Réagissant elle aussi à ce drame, l'écrivaine et militante des droits de
l'Homme palestinienne, Ahlem Akram, exprime son émotion sur Elaph. Elle
raconte l'histoire d'un médecin, ayant terminé ses études aux
Etats-Unis, et qui au soir de ses noces veut s'assurer, instruments en
mains, de la virginité de sa fiancée, universitaire. Cette dernière
refuse évidemment de souscrire à cet examen, quitte à rompre son
mariage, non pas par peur du résultat, mais parce qu'elle estime que
c'est avilissant pour elle. «Pour une telle femme qui s'est dressée
contre la société, et a risqué le scandale, parce qu'elle avait
confiance en elle-même, combien ont cédé, et se sont soumises, se
demande-t-elle.» «Que dire des milliers de femmes qui ne peuvent
affronter la tribu, la société, et la famille, dressées comme la main d'Azraël,
décidées, et prêtes à arracher la vie à une fillette, par peur de la
honte ? Au fait, quelle est la définition de la honte, est-ce que le
meurtre n'en ferait pas partie ? Comment les sociétés arabes en
sont-elles arrivées à ce niveau où le mensonge le dispute au
dédoublement de personnalité ? De telle sorte que ces sociétés
soutiennent l'homme dans toutes ses manies, tous ses instincts, et ses
pratiques sexuelles, alors qu'elle confine la vertu dans le seul corps
de la femme ?» Ahlem Akram rappelle que les minarets sont entrés en
effervescence, récemment au Soudan, parce qu'une jeune fille a affirmé
qu'elle s'habillait comme elle voulait. «Pourquoi les mosquées ne
réagissent- elles pas avec la même indignation lorsqu'une fillette
innocente est tuée, au nom de traditions archaïques, et sous couvert de
défendre l'honneur de la tribu ?», interroge la militante palestinienne.
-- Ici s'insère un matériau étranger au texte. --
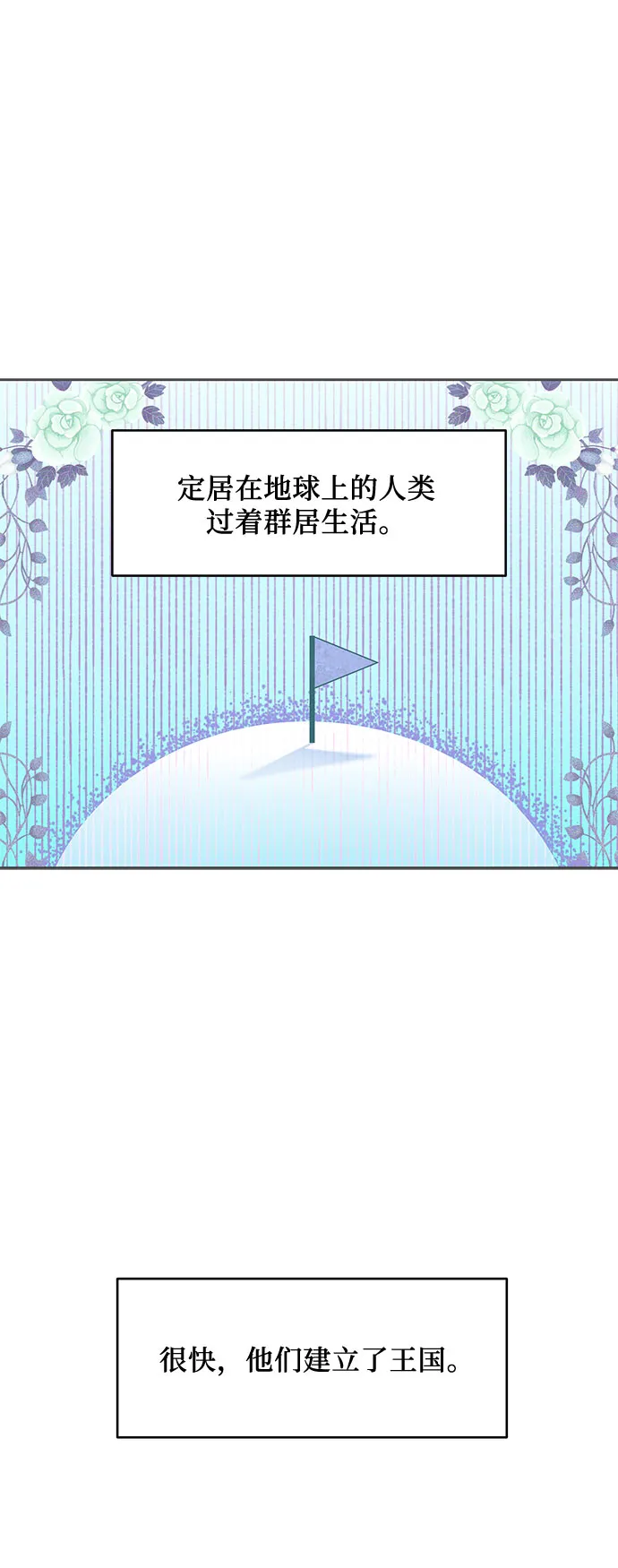 第17话 第35页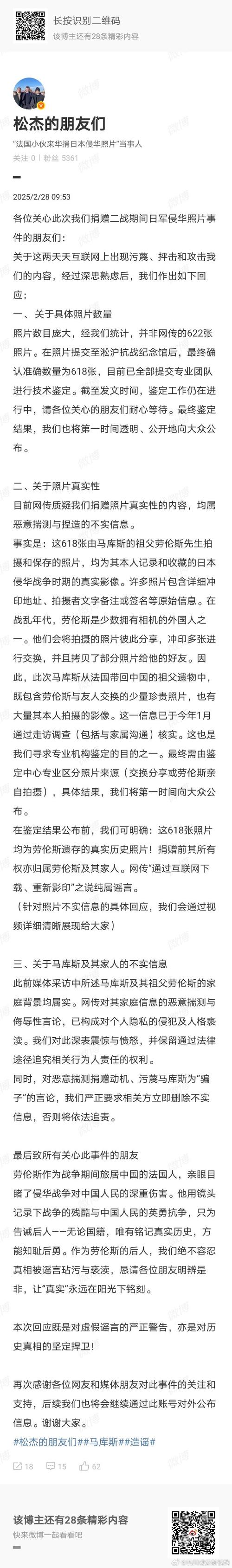 斯基拉透露：马赛与贝耶谈判陷入停滞，主因人事变动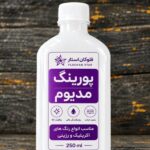 مدیوم پورینگ فلوکان استار /مناسب رنگ اکریلیک در صدتیک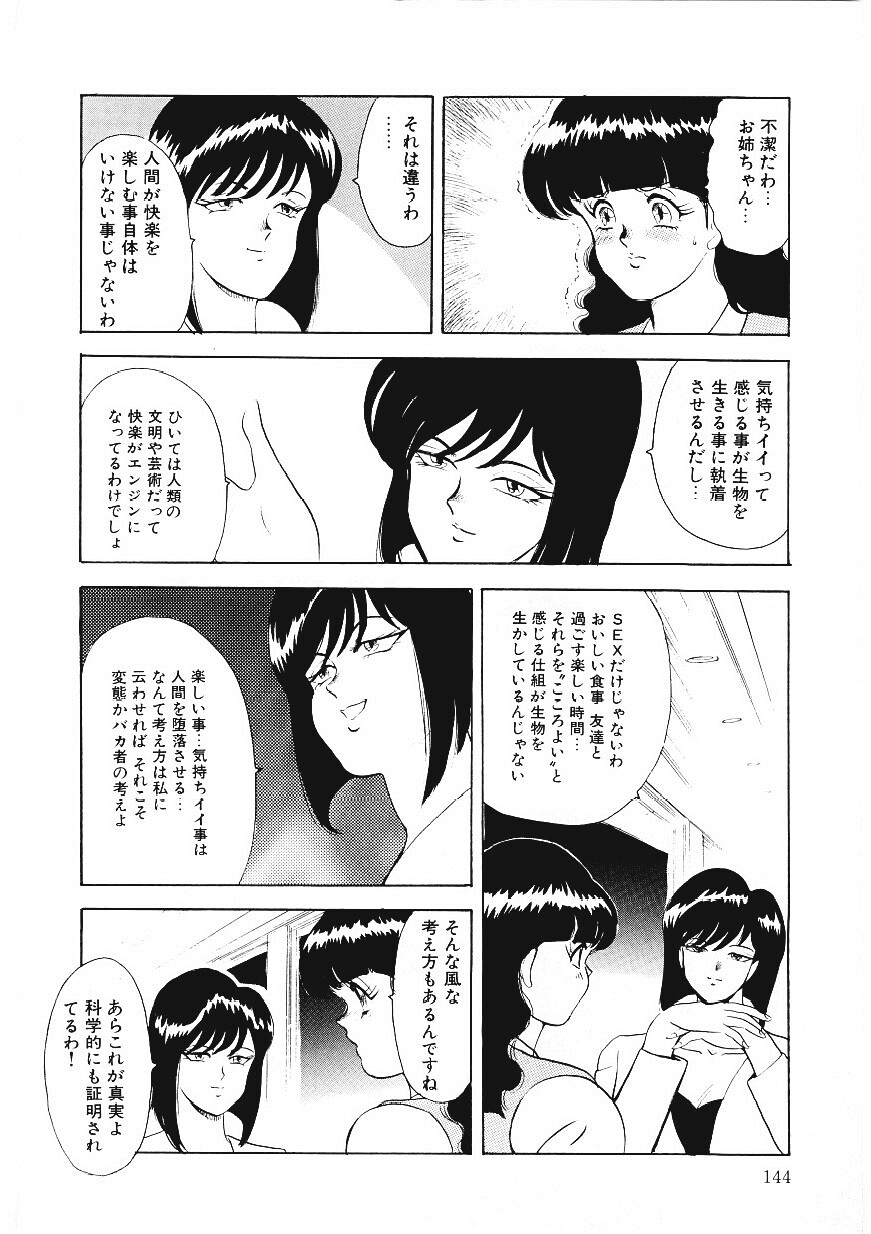 [まいなぁぼぉい] マテリアルNo.6
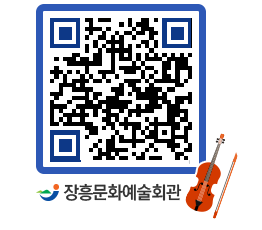 문화예술회관 QRCODE - 전시실 페이지 바로가기 (http://www.jangheung.go.kr/art/ozrafa@)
Le silence est de rigueur lorsque la tribu, se réclamant notoirement de
l'Islam, se déshonore en tuant ses fillettes, comme au temps de la
prétendue «Djahilia».
A. H.
1) J'ai essayé, en vain, de connaître au moins le prénom de cette
fillette assassinée, et tuée une deuxième fois par l'anonymat dans
laquelle l'a maintenue l'espèce d'omerta, observée par les tribus.
2) Le journal Al-Raï-Al-Youm, présent uniquement dans sa version
électronique a été fondé en 2013 par le Palestinien, et furieusement
baathiste, Abd-Albari Atwane, compagnon de cordée de nos arabistes
bornés. Il avait été le fondateur et propriétaire du quotidien londonien
Al-Quds, qui a été racheté par les Qataris.